7He asked me not to construct an artful story from his tale, not to impose another veneer of fiction over this truth. He also asked me not to quote him in telling the story itself. He felt it appropriate for it to be paraphrased, for as he said, “Like the original versions of stories, those retold are also fabrications.” I felt, when he asked me to perform this rhetorical box step, that he was attempting to provide himself with plausible deniability; to preserve his right to disavow, should he need to at some point in the future, having told me the story. I also knew that without his own words he was perhaps providing me with an out as well.

8Adolfo Bioy Casares (15 September 1914–8 March 1999), Argentine fiction writer. Long-time collaborator and friend of Jorge Luis Borges, with whom he published a series of detective novels using the pseudonym H. Bustos Domecq. A wealthy sportsman and bon vivant, Casares fathered at least two children out of wedlock. Casares married the wealthy Argentine heiress and writer Silvina Ocampo in 1940.

9Although my knowledge of Borges was limited, I had been in Argentina long enough to do a bit of reading of the country’s most important writer. This revelation regarding his sexuality came to me more as a confirmation than a revelation, for as I read Borges’s work and biography I was always struck by what I would describe inelegantly as a “queer” vibe from his life and texts. Beyond the stereotypes of the gay man that he represented (the momma’s boy, unmarried until very late in life), I had a sense of recognition of what might be described as a queer aesthetic in his work—the literary equivalent of cruising down a city street and exchanging a knowing glance with another gay man. In addition, my friends in Argentina all pointed me to Borges’s essay “Our Impossibilities,” in which Borges laments the feeling of superiority that anal sex engenders in the active partner and how, among his countrymen, this relationship is seen as a form of domination.
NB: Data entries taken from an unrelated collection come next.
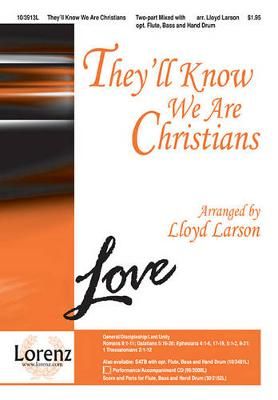 Peter Scholtes: They'll Know We Are Christians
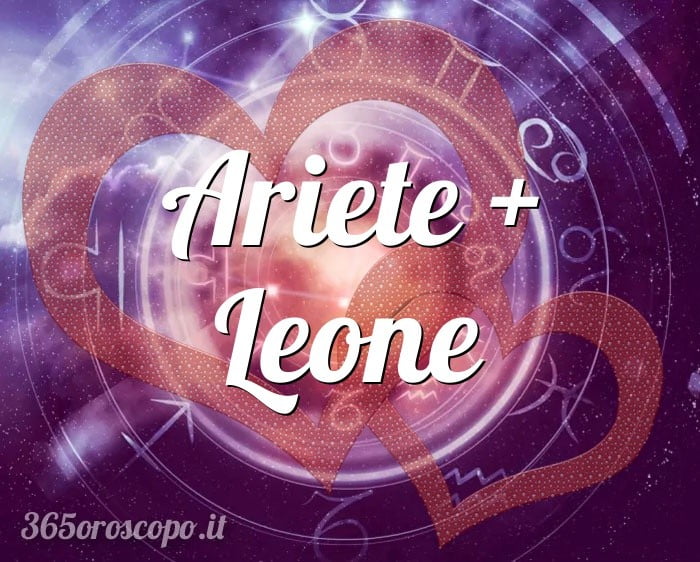 Aries + Leo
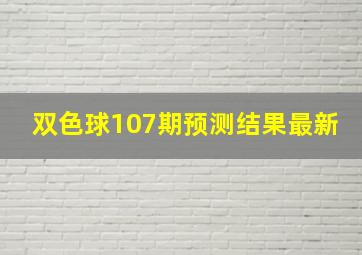 双色球107期预测结果最新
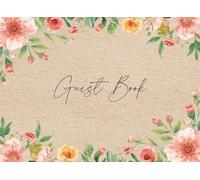 Guest Book: Wildflower rustic, Sign In Book for Wedding Reception, Bridal Shower, Floral wedding keepsake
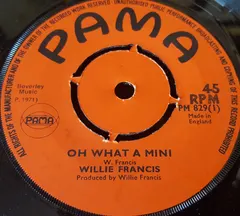 Willie Francis – Oh What A Mini (Vinyl, 7")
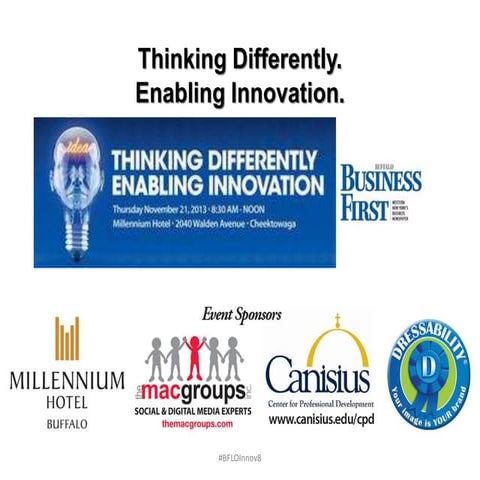 Thinking Differently. Enabling Innovation - Buffalo Business First Event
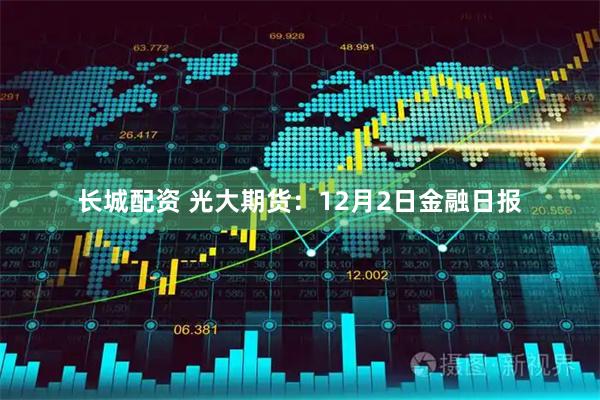 长城配资 光大期货：12月2日金融日报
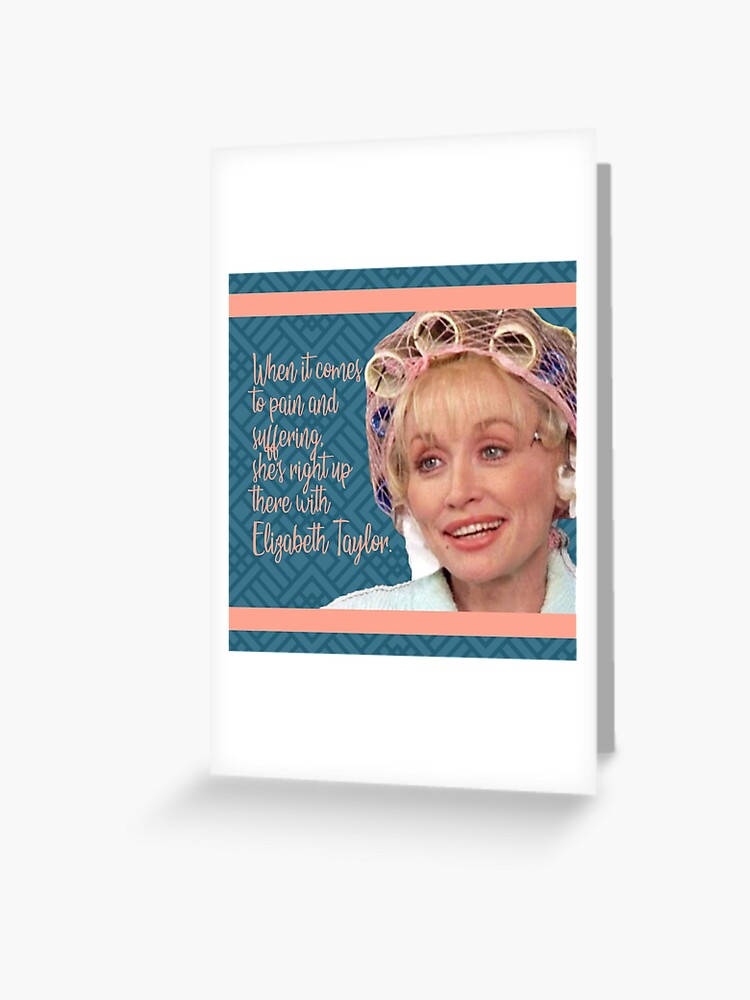Carte De Vœux Truvy Steel Magnolias Souffrant De Citation De Film Drole Par Gunsnhoney Redbubble Carte De Vœux Truvy Steel Magnolias Souffrant De Citation De Film Drole Par Gunsnhoney Redbubble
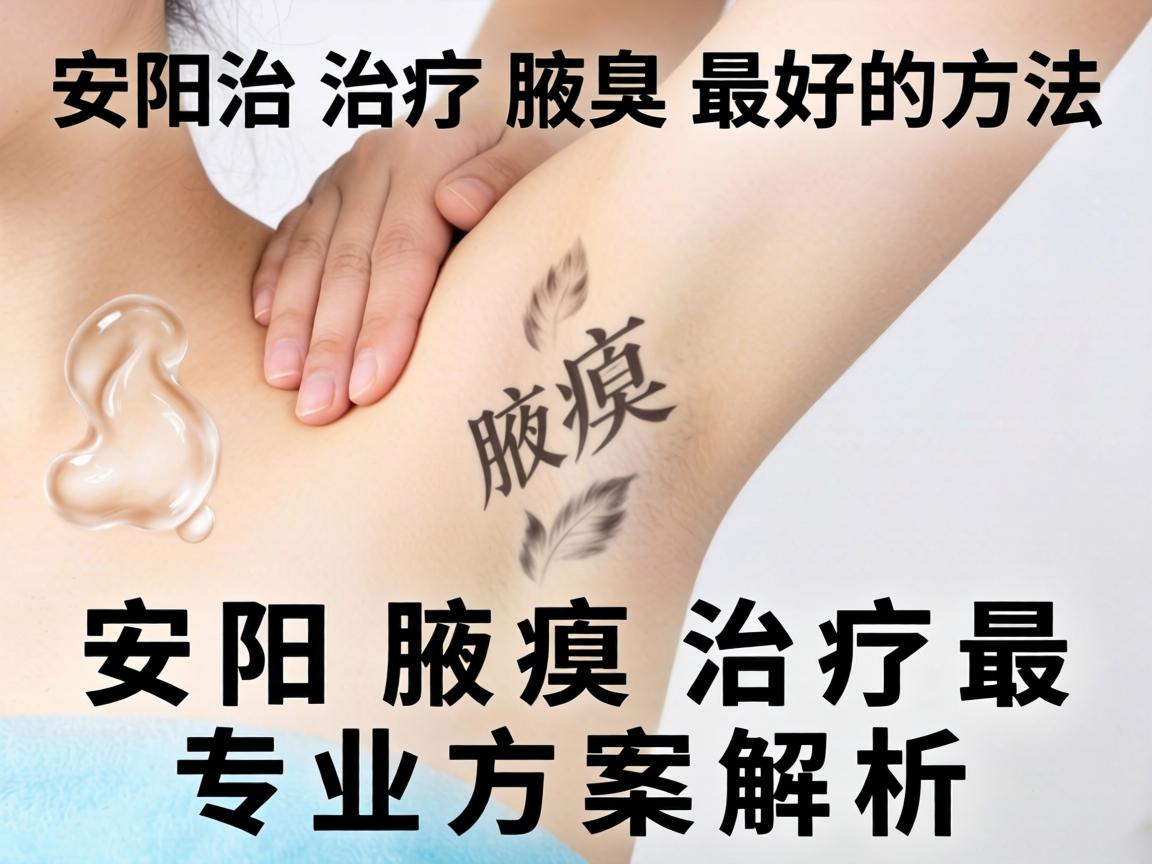 安阳治疗腋臭最好的方法，安阳腋臭治疗最专业方案解析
10He did recall however that he held his breath in fear the entire afternoon after the first time they made love and that he tried to write a poem that night. The central idea of the poem was that the force of their newfound passion reversed the flow of the River Plate and flooded its delta.

11To be frank I hoped that what he said was true. I also immediately understood the abuse I risked if I, as he already requested, repeated this revelation or story. Friends in Argentina, with whom I have since spoken about this encounter, have counseled me not to fulfill this Borges’s wish. They said that I risked being expelled from the country and becoming the target of hatred should I suggest that Borges had had a sexual relationship with Bioy Casares, or, as they almost all said, “say what everyone suspected of Borges (but not of Casares) yet couldn’t or wouldn’t admit.”

12I asked about proof. He assured me that my effort to find proof of what he said would prove futile. His word and my words would have to suffice. He said that his own efforts, along with those of editors and censors, the ashes of burned papers, the torn scraps of destroyed letters and appointment books, prevented confirmation of their times together. And he said “In Whitman’s case the memory of courageous ecstasy from cool windswept nights on the Long Island seashore was later warmed by the flames of burning letters and journals on a hearth in Camden, New Jersey.”

13He also said that he saw the Internet as the final realization of his imagined infinite library and that, were he still at work creating fiction, he would write stories about consciousness lost in the “web.” He emphasized the word “web” and noted with joy that the word web is used to describe the Internet. He lamented that the word “red” for network in Spanish did not carry as much significance.

14Beyond the obvious difficulties I faced in how to tell this story, I also weighed the legal implication of telling it. Would I be sued for defamation by Borges’s widow or Casares’s descendants?